----- MATERIAL FOR THE TASK
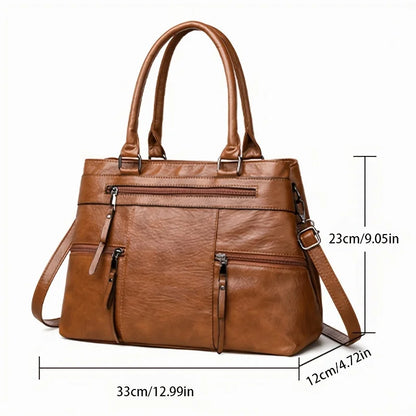 Caramel brown leather tote bag with double top handles, front zip pocket and crossbody strap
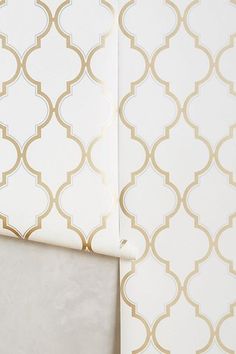 a white and gold wallpaper with an intricate design on it's sidewall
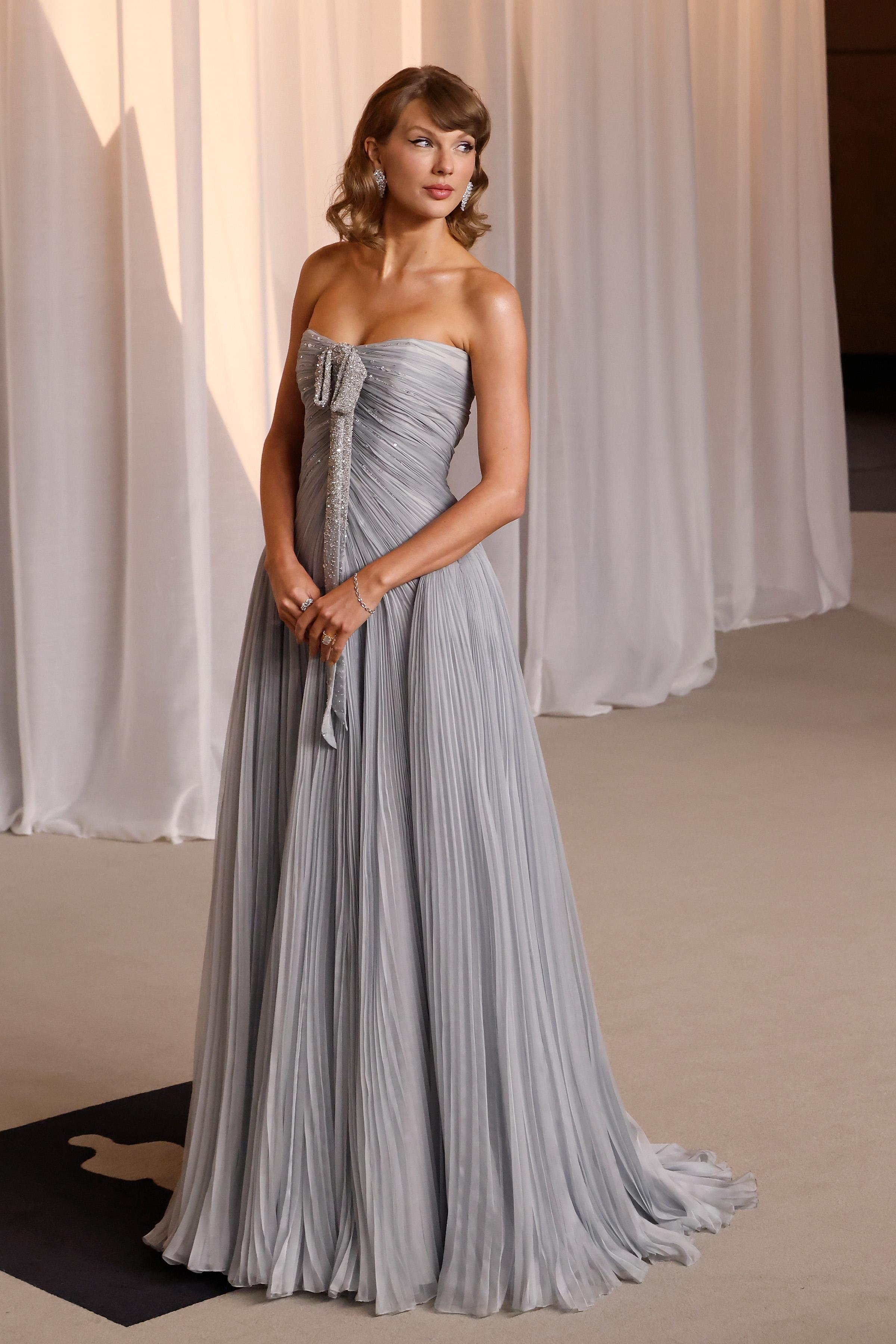 Taylor Swift strahlt in einem trägerlosen, taubengrauen Abendkleid, das durch zarte Plissees am Oberteil und am weit schwingenden Rock akzentuiert wird, eine himmlische Eleganz aus. Ein schimmerndes, mit Kristallen verziertes Schleifendetail fällt anmutig über die Vorderseite, ergänzt durch funkelnde Diamant-Ohrhänger und sanfte Vintage-Wellen. Bereit, als musikalischer Höhepunkt des Abends die Bühne zu betreten, versprüht die Grammy-Gewinnerin puren, zeitlosen Glamour.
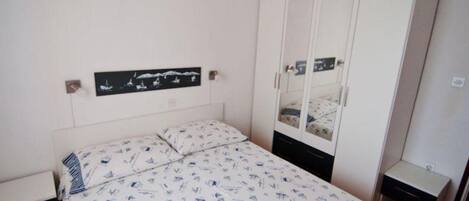 A bedroom with a bed, a wardrobe, a nightstand, and a wall-mounted shelf with a picture.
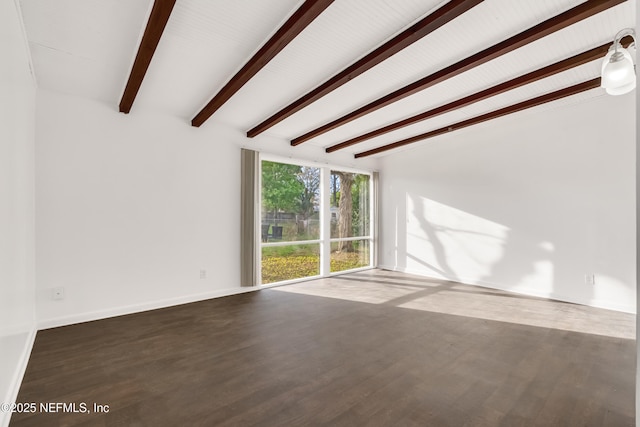 unfurnished living room featuring beam ceiling, baseboards, and wood finished floors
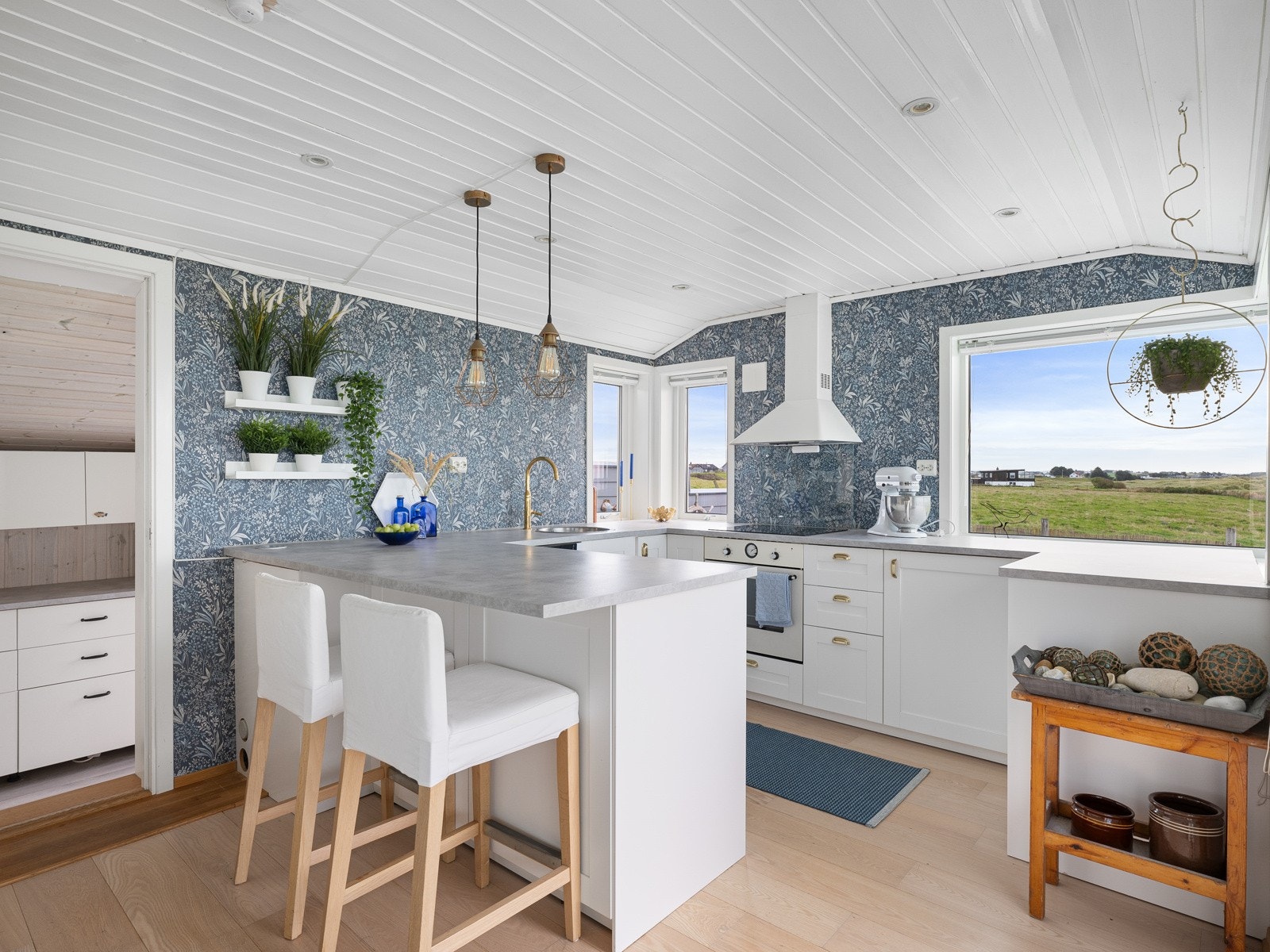 Lyst og tidløst kjøkken som gir god benkeplass og oppbevaring i moderne utførelse. Galleribilde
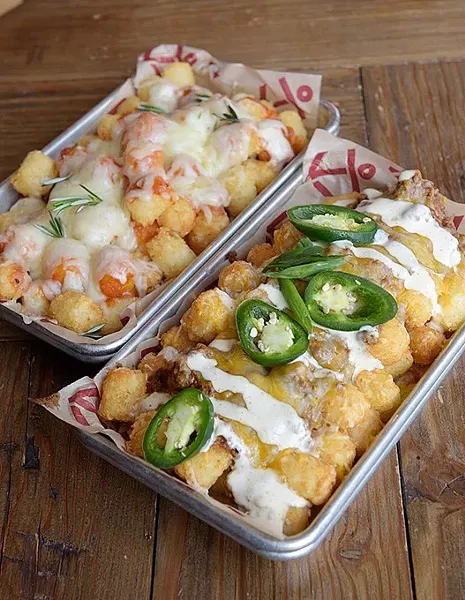Chili cheese and pizza tots at Anchor Down, Tuesday, Dec. 6, 2016. - GARETT FISBECK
----------
A faithful, word-for-word version of the records above is needed, with no images in it.

SOLUTION TO THIS EXERCISE:
 Caramel brown leather tote bag with double top handles, front zip pocket and crossbody strap
 a white and gold wallpaper with an intricate design on it's sidewall
 Taylor Swift strahlt in einem trägerlosen, taubengrauen Abendkleid, das durch zarte Plissees am Oberteil und am weit schwingenden Rock akzentuiert wird, eine himmlische Eleganz aus. Ein schimmerndes, mit Kristallen verziertes Schleifendetail fällt anmutig über die Vorderseite, ergänzt durch funkelnde Diamant-Ohrhänger und sanfte Vintage-Wellen. Bereit, als musikalischer Höhepunkt des Abends die Bühne zu betreten, versprüht die Grammy-Gewinnerin puren, zeitlosen Glamour.
 A bedroom with a bed, a wardrobe, a nightstand, and a wall-mounted shelf with a picture.
 unfurnished living room featuring beam ceiling, baseboards, and wood finished floors
 Lyst og tidløst kjøkken som gir god benkeplass og oppbevaring i moderne utførelse. Galleribilde
Chili cheese and pizza tots at Anchor Down, Tuesday, Dec. 6, 2016. - GARETT FISBECK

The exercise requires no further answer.